“If you cannot hear the Voice for God, it is because you do not choose to listen,” I read, from A Course in Miracles Chapter 4, IV. This Need Not Be.
The big, blue book lay cracked open on my desk. How many times had I turned to it in pain and confusion and longing for a better way and found it simply by randomly opening to a chapter, a section, a line that seemed expressly written as an answer to my prayer? A Course in Miracles as Ouija Board, in a good way. And yet, this morning its message had somehow gone foreign, its comfort as elusive, as likely to slip through my fingers, as any other in this dreamy world.
“I’m listening,” I said. “Really!”
But no answer came. The inspiration I sought to write my way back to sanity as I so often did had gone AWOL again.
And so I sat staring at the bulletin board on my wall (I know, what am I, nine?) filled with favorite snapshots of places and people in the continuing saga of separated Susan that now seemed only to mock me. A photo of the marquee for a restaurant on the Left Bank in Paris called “Susan’s Place,” (how special is that?). Another of a beach in Point Reyes National Park I’d spent so many weekends wandering, searching, as if looking for Sir Francis Drake’s legendary, lost treasure. A tiny, black-and-white photo of my parents while courting all dolled up for a dance, a postcard of the yoga retreat center and working ashram I flee to now and then for its pristine stillness. And half a dozen pictures of my daughter when she was little, staring out at the camera with eyes forever wiser than her years, artistically grouped around a bumper sticker reading: “Don’t make me release the flying monkeys!” the possibility of which I had somehow successfully dodged as long as I could recall, but now seemed in danger of succumbing to.
Here’s what I needed an answer to. Said daughter, home from college working in Denver for most of the summer, had made it very clear from the get-go that this would be her last season home.
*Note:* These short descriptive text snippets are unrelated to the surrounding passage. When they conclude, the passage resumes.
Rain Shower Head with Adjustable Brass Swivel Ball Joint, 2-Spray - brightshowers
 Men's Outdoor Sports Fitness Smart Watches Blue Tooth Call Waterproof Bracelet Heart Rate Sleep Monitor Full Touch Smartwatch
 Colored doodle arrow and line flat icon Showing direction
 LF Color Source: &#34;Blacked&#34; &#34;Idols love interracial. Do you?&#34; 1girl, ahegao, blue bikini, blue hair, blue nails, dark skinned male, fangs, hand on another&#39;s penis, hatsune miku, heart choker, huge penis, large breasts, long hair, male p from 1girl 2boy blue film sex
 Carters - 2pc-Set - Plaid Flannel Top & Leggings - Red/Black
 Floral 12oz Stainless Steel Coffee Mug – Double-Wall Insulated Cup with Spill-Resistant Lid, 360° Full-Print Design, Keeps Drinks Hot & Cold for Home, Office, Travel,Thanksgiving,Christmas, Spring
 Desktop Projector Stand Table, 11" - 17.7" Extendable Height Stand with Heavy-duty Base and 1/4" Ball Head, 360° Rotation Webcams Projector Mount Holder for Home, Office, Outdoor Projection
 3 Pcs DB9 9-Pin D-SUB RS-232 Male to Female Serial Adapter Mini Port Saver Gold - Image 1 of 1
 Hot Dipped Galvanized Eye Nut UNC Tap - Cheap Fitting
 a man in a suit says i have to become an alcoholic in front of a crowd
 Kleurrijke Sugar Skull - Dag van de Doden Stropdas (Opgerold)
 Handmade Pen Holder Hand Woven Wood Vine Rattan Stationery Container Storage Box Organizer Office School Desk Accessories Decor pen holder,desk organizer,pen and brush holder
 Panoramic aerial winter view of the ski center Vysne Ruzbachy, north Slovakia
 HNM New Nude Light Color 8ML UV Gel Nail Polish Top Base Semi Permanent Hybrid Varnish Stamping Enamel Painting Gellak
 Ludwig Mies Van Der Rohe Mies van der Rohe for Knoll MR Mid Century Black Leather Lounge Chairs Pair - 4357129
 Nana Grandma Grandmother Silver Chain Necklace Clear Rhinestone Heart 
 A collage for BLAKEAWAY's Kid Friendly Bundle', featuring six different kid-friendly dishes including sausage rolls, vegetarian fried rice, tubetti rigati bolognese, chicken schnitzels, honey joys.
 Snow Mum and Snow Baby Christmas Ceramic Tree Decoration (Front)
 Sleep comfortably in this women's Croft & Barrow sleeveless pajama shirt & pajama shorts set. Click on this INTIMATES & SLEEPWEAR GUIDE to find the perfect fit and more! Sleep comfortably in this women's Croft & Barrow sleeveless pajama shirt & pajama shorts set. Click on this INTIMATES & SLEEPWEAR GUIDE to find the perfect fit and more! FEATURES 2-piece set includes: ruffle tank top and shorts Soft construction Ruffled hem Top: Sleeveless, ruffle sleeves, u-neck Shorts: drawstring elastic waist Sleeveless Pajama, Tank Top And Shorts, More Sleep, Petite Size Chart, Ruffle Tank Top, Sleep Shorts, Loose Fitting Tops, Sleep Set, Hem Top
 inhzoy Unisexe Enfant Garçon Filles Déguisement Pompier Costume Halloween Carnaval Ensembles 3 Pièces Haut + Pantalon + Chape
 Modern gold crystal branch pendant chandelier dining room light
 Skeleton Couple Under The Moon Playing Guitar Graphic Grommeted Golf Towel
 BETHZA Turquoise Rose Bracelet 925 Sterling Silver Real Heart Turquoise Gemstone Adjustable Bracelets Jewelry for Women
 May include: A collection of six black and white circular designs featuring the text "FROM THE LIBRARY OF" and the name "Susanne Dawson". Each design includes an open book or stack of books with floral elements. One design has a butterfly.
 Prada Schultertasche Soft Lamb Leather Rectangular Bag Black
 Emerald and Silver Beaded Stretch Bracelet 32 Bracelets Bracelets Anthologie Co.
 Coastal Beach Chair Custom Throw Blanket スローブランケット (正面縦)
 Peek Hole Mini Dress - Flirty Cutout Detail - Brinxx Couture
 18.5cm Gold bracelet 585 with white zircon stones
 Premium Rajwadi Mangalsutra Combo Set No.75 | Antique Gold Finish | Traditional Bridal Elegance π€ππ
Next year she would seek an internship or employment near school, and the following summer after graduation, God willing, head out to seek her fortune in one way or another as healthy egos will. Although I thought I had made peace with these inevitable rites of passage, I found myself, emphasis on self, as these lazy, hazy, crazy days of summer rolled along, again hoping to paint special memories together, perhaps even bulletin-board-worthy. You know, quality experiences I might conjure up in the days and weeks and years apart that lay ahead. I know.
Suffice it to say that despite (or, perhaps, expressly because of) my best intentions these excursions together—from trips to the mall to lunches to bookstore forages to an actual girls’ trip to the coast of Oregon—turned out to be no more or less special, complex, or conflicted than the days in between, sharing a house and dog and life together again, our personal differences magnified by her recent illusion of collegiate independence combined with the attachment I’d apparently developed to the quieter, more orderly life her absence afforded.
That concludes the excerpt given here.